AI and Energy: The Numbers Nobody Gets Right

Everyone's talking about AI's energy problem. Most of the numbers floating around are wrong, outdated, or missing context. Let me try to fix that.

Training Gets the Headlines. Inference Is the Story.

Most people assume AI training is the energy hog. That was true in 2020-2022, when roughly 70-80% of AI energy went to training. But the balance has flipped dramatically.

In 2025-2026, inference now consumes 80-90% of total AI compute energy.

Why? Training happens once. Inference — every ChatGPT query, every Copilot suggestion, every API call — happens billions of times per day. The cumulative cost of serving those requests dwarfs the one-off training runs.

To put training in perspective: GPT-3 used about 1,287 MWh to train — equivalent to powering 130 US homes for a year. GPT-4 used an estimated 50,000+ MWh. These are big numbers in isolation. They're rounding errors compared to the energy cost of serving billions of queries across millions of users, every day, indefinitely.

The Data Centre Problem

Global data centres already consume about 1-1.5% of world electricity — roughly 460 TWh in 2024. AI is projected to push this to 4.6% by 2030 (IEA estimate). Goldman Sachs projects data centre power demand will increase 160% by 2030.

A single ChatGPT query uses roughly 10x the energy of a Google search. That doesn't sound like much until you multiply it by billions of daily queries. The IEA projects AI-related electricity demand alone could reach 800 TWh by 2030 — more than the entire country of Germany uses.

The hyperscalers know this. Amazon, Google, and Microsoft are all investing in nuclear energy. Microsoft signed a deal with Constellation Energy for the Three Mile Island nuclear plant. Google invested in small modular reactors. Amazon acquired a nuclear-powered data centre campus.

When tech companies start buying nuclear plants, you know the energy problem is real.

The Water Problem Nobody Mentions

It's not just electricity. Data centres need cooling, and cooling needs water. Microsoft's water consumption increased 34% in one year, largely attributed to AI workloads. Google reported a 20% increase. A single data centre can use as much water as a small town.

In drought-prone regions, this creates real tension with communities. It's one thing to abstract "AI energy use" as a global statistic. It's another when the data centre next door is consuming water your local farmers need.

The Local Model Counterargument

Here's where it gets interesting. Google just released Gemma 4, an open-weight model family that runs on consumer hardware. The smallest variant runs on a Raspberry Pi. The largest runs on a single consumer GPU.

I've been running local models for over a year. The experience has improved dramatically — Ollama, LM Studio, and similar tools make it genuinely practical to run capable AI on your own machine. No cloud. No data centre. No water cooling.

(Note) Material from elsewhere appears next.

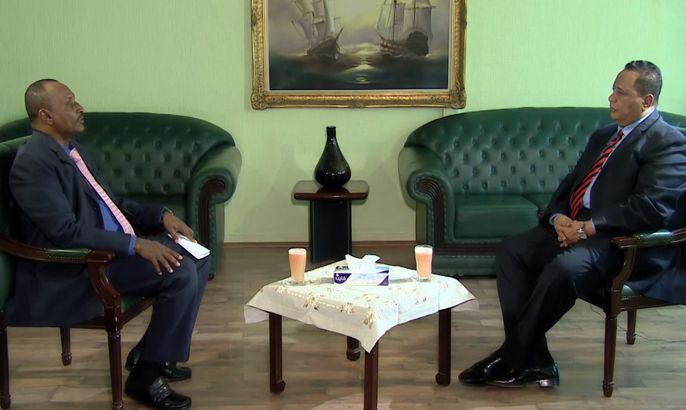 لقاء اليوم- وزير الخارجية السوداني إبراهيم غندور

The energy cost of a local inference is a fraction of a cloud inference. Your MacBook Pro uses maybe 30 watts running a local model. A data centre GPU uses 300-700 watts per card, plus cooling overhead.

Of course, local models are less capable than frontier cloud models. You're not running GPT-5 on a laptop. But for 70-80% of daily AI tasks — drafting emails, summarising documents, code suggestions, simple analysis — local models are good enough. And they're getting better fast.

The 90/10 Split

I think the future looks like this: 90% of AI queries run locally on devices, using small efficient models. 10% of queries hit cloud infrastructure for tasks that genuinely need frontier-scale intelligence.

This would dramatically reduce the energy footprint of AI. Not because AI uses less energy in total, but because most of that energy comes from your existing device's power supply rather than a water-cooled data centre in Virginia.

The phone on your desk, the laptop in your bag, the GPU in your workstation — these are already powered. Running a local model on them is nearly free in energy terms. The marginal cost is essentially zero.

Where I Land

AI's energy problem is real but solvable. The solution isn't "use AI less" — that's not going to happen. The solution is moving compute to the edge, improving model efficiency, and reserving cloud infrastructure for the tasks that genuinely need it.

The worst outcome is the current trajectory: every query routed to cloud data centres, energy demand growing exponentially, and hyperscalers buying nuclear plants to keep up. The best outcome is a world where your devices are smart enough to handle most tasks locally, and the cloud is reserved for the 10% of work that truly requires it.

We're closer to the best outcome than most people realise. The models are getting smaller and more efficient fast enough that running AI locally will be the norm, not the exception, within a few years.

The greenest AI query never leaves your desk.